$2 million price tag divides correctional officials and lawmakers over bill enrolling released prisoners in Medicaid

Tabitha Mueller
Tabitha Mueller
Behind the BarCriminal JusticeHealth CareLegislature
Guards walk inside High Desert State Prison as seen on Friday, Jan. 4, 2019.

Lawmakers and correctional officials ended up at odds last week over a fiscal note attached to a measure aimed at enrolling soon-to-be released prisoners in the state Medicaid program.

AB358, sponsored by Assembly Speaker Jason Frierson (D-Las Vegas), would in theory help alleviate medical expenses that the Nevada Department of Corrections currently covers with general fund dollars by signing up eligible members for Medicaid before release, Assemblywoman Rochelle Nguyen said as she presented the bill Tuesday during an Assembly Ways and Means Committee meeting. 

"Instead of us paying for 30 days cash of people's medical [expenses], they would be covered under Medicaid," Nguyen said. "It would also help with the continuity of care because they would be set up, they would have providers that we would be able to work with ... and have that kind of continuity of care that is required for them to be successful once they are released."

But a fiscal note submitted by the Department of Corrections that estimated the program's cost as close to $2 million over the next two years ground the discussion to a halt. 

NDOC Statewide Reentry Administrator Elizabeth Dixon-Coleman said that the state releases about 6,000 prison inmates annually, and that the state prison system needed the money to pay for increased personnel, operating systems and equipment expenses necessary to establish a program that will process roughly 460 Medicaid applications a month.

"We do not have an electronic processing component to this. We don't have the infrastructure nor the supporting abilities to do this," Dixon-Coleman said.

Budget committee Chair Maggie Carlton (D-Las Vegas) pushed back against the addition of the fiscal note, saying the state’s existing Medicaid program should be able to address any cost concerns.

"Medicaid does eligibility. That is their life. That is what they do. It seems to me as though we're recreating the wheel here in creating program officers to do eligibility when Medicaid currently does eligibility," Carlton said. "Is there a way within the Medicaid regime to allow these inmates to access that in a safe and secure way ... and take NDOC out of the middle for a portion of this and have Medicaid do the thing that they do so well?"

The NDOC and Division of Welfare and Supportive Services have created a pilot project to test out the eligibility process, division chief of programs operations Joe Garcia told the committee. Though the division has considered shortening the roughly 20-page paper application and has a call center that can take applications over the phone, there could be security issues with inmates applying for Medicaid over the phone, he said.

Frierson said similar programs without attached costs exist, including at the Clark County Detention Center. He added that inmates have to speak with their attorneys via phones, and that does not violate confidentiality laws.

"There are phones. It's not like they're sending homing pigeons out. They have to be able to talk to their attorneys, and they have to be able to do it in private," Frierson said. "This would seem to me to be an opportunity to defray costs of medical expenses as folks are transitioning out. And I'm just a little surprised at the reluctance, especially recognizing that there have been efforts to address this for some time now."

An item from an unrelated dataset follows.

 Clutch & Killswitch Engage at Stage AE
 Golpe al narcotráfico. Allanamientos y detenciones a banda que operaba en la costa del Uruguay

Though Dixon-Coleman cited concerns about HIPPA and security issues, Carlton said that she would have more worries around paper documentation and security than a phone call. Officials with the NDOC need to investigate other options and take Frierson's comment about a secure line and confidentiality to heart, she added.

"There's a little bit more work to be done on this. We'll follow up with the appropriate folks and see where we can go. And I'm sure you'll follow up with them also," Carlton said.